Problem to solve
The data below holds a line containing "بست وسترن پرمیر کوکدو" and a line containing "slide 6 of 10, Mi"; please quote exactly those two lines and every line between them, and nothing else.

Short descriptive text snippets:
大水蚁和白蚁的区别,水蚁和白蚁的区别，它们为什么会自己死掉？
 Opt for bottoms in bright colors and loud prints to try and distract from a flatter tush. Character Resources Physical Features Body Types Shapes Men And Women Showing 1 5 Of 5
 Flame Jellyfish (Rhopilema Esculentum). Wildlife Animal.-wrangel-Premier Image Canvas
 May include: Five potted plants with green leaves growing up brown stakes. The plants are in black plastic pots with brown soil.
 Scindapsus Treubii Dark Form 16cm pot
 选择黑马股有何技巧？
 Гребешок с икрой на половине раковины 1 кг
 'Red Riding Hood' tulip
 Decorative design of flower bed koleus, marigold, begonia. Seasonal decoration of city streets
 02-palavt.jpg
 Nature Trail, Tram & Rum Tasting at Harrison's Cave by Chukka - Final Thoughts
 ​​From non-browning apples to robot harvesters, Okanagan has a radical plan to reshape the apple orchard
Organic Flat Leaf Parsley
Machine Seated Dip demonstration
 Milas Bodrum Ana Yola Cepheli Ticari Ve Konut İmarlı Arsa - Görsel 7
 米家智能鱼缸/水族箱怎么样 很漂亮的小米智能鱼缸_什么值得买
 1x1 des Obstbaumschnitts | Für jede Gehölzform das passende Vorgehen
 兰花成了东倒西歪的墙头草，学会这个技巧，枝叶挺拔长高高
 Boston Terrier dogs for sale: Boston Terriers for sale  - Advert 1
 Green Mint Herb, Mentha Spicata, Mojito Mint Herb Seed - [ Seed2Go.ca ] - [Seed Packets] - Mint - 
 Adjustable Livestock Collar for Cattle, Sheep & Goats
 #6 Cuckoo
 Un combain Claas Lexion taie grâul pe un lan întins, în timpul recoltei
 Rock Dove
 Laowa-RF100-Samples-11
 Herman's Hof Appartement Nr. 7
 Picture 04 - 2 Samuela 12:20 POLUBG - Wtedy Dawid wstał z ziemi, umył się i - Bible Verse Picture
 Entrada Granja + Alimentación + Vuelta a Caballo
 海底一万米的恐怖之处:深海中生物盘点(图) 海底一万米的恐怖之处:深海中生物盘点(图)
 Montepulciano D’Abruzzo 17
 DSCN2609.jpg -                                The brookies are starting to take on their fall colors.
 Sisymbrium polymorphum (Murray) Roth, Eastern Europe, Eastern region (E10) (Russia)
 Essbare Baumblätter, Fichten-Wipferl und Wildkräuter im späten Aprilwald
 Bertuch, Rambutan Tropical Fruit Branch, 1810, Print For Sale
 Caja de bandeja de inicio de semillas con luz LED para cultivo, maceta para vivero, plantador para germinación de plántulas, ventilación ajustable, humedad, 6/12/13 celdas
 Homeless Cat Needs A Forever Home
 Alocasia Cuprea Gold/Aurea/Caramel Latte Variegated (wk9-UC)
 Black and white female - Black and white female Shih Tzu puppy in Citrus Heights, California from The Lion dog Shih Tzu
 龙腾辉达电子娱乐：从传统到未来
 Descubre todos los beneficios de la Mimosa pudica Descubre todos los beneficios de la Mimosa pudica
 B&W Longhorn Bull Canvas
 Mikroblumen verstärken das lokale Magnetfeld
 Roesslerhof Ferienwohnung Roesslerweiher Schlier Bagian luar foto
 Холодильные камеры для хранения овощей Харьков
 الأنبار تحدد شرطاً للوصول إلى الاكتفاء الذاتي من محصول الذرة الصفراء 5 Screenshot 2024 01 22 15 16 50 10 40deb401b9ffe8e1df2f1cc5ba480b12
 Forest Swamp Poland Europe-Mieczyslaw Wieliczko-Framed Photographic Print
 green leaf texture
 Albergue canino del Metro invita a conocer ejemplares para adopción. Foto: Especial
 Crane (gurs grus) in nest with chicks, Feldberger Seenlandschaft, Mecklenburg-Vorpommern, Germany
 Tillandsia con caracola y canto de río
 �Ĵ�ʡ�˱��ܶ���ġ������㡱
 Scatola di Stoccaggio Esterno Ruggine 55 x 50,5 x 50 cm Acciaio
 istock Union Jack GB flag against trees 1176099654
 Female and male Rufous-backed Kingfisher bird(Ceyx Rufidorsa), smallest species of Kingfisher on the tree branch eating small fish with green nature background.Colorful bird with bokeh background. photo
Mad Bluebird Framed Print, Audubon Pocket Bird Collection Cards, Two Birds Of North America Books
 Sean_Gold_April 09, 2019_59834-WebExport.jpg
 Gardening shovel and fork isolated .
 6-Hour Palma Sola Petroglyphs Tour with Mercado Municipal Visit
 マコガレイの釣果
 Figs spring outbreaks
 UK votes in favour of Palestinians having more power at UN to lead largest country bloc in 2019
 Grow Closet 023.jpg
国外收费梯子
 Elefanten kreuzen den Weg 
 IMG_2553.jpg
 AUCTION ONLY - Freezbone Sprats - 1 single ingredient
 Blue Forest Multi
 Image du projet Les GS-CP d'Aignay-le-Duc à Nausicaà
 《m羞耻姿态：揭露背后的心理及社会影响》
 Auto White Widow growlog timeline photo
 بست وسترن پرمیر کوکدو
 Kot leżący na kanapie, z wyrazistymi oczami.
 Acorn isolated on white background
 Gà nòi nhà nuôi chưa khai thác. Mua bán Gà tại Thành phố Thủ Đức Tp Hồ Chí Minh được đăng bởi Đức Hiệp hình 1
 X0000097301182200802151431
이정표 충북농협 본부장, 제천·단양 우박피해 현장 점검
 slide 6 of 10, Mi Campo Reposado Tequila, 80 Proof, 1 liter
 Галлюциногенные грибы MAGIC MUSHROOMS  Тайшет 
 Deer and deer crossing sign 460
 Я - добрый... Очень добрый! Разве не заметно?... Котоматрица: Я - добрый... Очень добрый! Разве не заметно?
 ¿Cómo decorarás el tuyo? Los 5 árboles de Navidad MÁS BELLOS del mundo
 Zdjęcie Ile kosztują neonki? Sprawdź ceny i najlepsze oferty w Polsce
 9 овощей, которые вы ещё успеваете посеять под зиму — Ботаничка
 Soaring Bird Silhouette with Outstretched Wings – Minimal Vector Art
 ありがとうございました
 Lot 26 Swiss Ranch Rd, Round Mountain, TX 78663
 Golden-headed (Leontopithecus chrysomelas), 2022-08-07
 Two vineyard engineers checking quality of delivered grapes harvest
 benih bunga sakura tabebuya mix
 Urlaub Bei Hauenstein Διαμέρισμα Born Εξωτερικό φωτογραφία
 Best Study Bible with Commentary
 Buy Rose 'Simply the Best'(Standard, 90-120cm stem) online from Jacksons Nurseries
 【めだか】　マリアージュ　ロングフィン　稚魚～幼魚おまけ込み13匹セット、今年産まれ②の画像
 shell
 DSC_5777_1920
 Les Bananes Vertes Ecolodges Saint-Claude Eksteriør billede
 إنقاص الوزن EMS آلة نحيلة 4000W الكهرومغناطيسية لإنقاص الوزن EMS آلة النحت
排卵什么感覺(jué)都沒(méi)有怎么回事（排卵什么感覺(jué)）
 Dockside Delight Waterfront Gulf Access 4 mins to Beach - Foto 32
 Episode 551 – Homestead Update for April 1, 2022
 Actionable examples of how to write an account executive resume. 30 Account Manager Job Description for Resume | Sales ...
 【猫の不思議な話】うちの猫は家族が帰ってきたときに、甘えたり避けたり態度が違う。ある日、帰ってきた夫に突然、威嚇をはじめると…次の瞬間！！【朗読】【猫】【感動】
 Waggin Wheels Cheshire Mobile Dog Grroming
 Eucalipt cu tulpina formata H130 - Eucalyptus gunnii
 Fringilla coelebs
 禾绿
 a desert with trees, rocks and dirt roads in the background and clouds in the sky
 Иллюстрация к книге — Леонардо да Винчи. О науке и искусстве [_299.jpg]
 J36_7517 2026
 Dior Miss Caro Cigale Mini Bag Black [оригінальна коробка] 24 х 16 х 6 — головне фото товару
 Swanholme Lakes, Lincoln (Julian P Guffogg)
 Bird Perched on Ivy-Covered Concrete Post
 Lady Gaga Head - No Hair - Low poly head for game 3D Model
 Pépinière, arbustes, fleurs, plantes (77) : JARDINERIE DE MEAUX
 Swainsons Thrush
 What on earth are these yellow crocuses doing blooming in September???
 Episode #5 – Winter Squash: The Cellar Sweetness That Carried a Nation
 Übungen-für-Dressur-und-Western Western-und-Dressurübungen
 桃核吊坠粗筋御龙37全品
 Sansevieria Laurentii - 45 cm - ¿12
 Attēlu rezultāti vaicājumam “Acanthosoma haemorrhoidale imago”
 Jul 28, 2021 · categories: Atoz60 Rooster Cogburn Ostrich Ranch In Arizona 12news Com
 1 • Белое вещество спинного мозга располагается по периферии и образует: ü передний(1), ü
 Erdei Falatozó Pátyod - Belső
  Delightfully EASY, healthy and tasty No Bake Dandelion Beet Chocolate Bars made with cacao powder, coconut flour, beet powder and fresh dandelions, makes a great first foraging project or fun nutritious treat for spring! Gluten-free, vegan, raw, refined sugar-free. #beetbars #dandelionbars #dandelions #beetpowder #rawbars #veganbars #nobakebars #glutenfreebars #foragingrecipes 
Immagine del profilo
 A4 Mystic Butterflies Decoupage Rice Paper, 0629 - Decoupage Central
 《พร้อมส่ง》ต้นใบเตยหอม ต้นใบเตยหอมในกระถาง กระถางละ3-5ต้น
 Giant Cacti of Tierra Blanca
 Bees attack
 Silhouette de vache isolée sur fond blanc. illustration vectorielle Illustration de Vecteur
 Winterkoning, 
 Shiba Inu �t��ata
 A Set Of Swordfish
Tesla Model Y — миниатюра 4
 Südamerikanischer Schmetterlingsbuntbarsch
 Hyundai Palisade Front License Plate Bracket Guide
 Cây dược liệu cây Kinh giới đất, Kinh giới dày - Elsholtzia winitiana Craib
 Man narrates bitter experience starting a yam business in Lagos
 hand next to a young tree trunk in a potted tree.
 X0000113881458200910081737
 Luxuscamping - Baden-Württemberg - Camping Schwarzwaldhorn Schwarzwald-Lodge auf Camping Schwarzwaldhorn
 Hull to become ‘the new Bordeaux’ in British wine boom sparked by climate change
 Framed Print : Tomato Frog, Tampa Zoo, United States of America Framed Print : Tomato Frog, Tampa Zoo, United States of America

Reply to the task
 بست وسترن پرمیر کوکدو
 Kot leżący na kanapie, z wyrazistymi oczami.
 Acorn isolated on white background
 Gà nòi nhà nuôi chưa khai thác. Mua bán Gà tại Thành phố Thủ Đức Tp Hồ Chí Minh được đăng bởi Đức Hiệp hình 1
 X0000097301182200802151431
이정표 충북농협 본부장, 제천·단양 우박피해 현장 점검
 slide 6 of 10, Mi Campo Reposado Tequila, 80 Proof, 1 liter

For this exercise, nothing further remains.